Tips for assignments

Test the code for correctness
Create different input sizes to test scalability
Compare with a simple baseline (brute-force agorithm, non-operation to estimate overhead…)
Setup a benchmark to compare different implementations
Use a profiler to understand the performance of the code and where to focus optimization

HPC-UGent

See HPC-UGent introduction presentation
See the HPC-UGent documentation
Use VS Code Remote Tunnel to connect your IDE to the HPC
Use vsc-venv to manage your Python environments
See this tips and tricks presentation from the VSC User Day for more information

Benchmarking on the HPC

Some older example code is available in at https://github.com/saeyslab/hydra_hpc_example:

src/sleep_pbs/README.md is an example used to explain interactive and job-based scheduling with PBS and SLURM. The example sleep script is benchmarked for runtime and memory usage with timeit and memray.
src/sleep_hydra/README.md is the same sleep example and benchmarking, but executed with the Hydra framework.
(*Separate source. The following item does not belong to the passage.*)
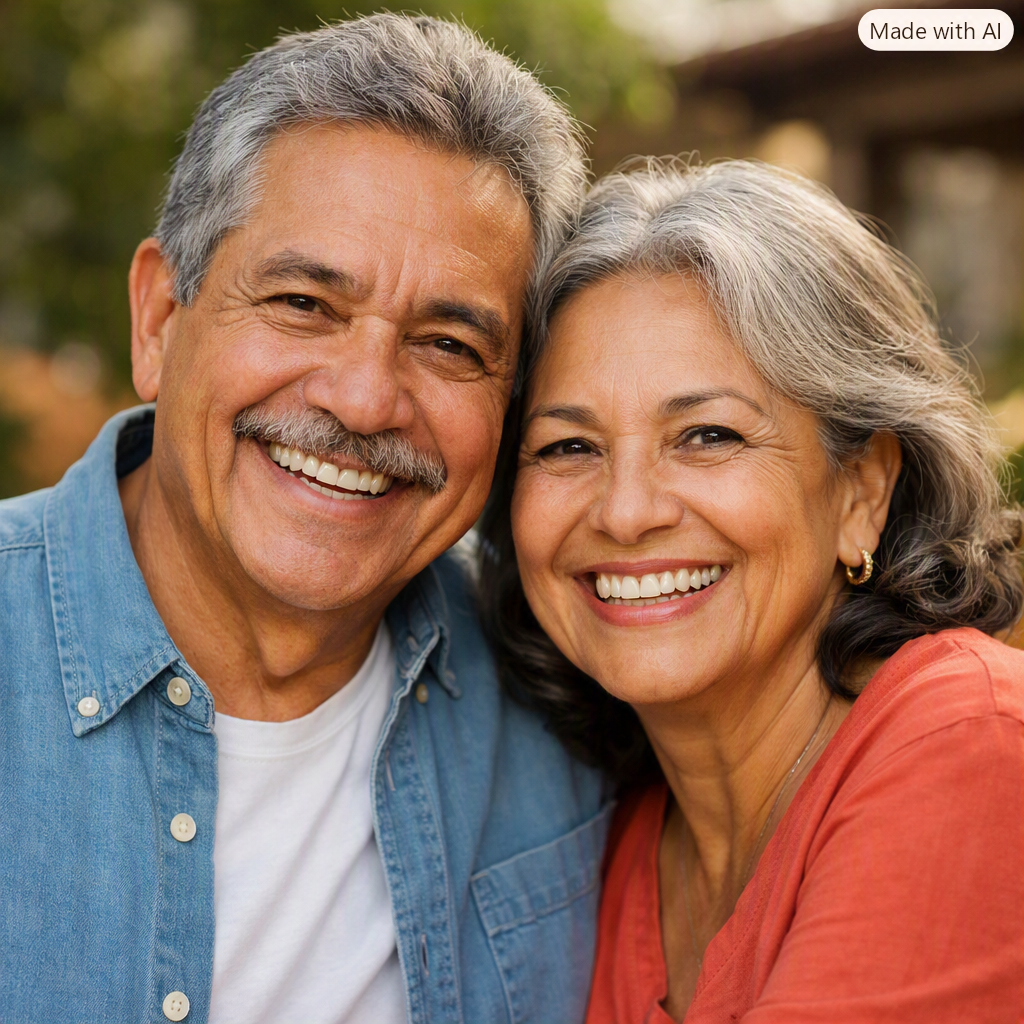Pareja de jubilados sonriendo, clientes de CréditoSeguro MX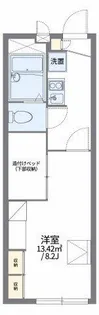 レオパレスコモダ宇頭【1階】の間取り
More powerful and flexible, but also more complex.
src/dask_jobqueue/README.md is an example of how to use Hydra and submitit to launch a Dask jobqueue through the SLURM scheduler.
src/frequencies_hydra/README.md is the counting frequencies example with benchmarking. It uses a Python-only configuration, based on hydra-zen.
src/dask_batchrunner/README.md is an example of how to use the SLURMRunner from dask-jobqueue to launch a Dask cluster on SLURM. It uses either Pixi or vsc-venv to manage the environment. It currently does not use MPI.
src/dask_mympi/README.md is an example of how to use the vsc-mympirun to launch a Dask cluster on SLURM. It uses vsc-venv to manage the environment.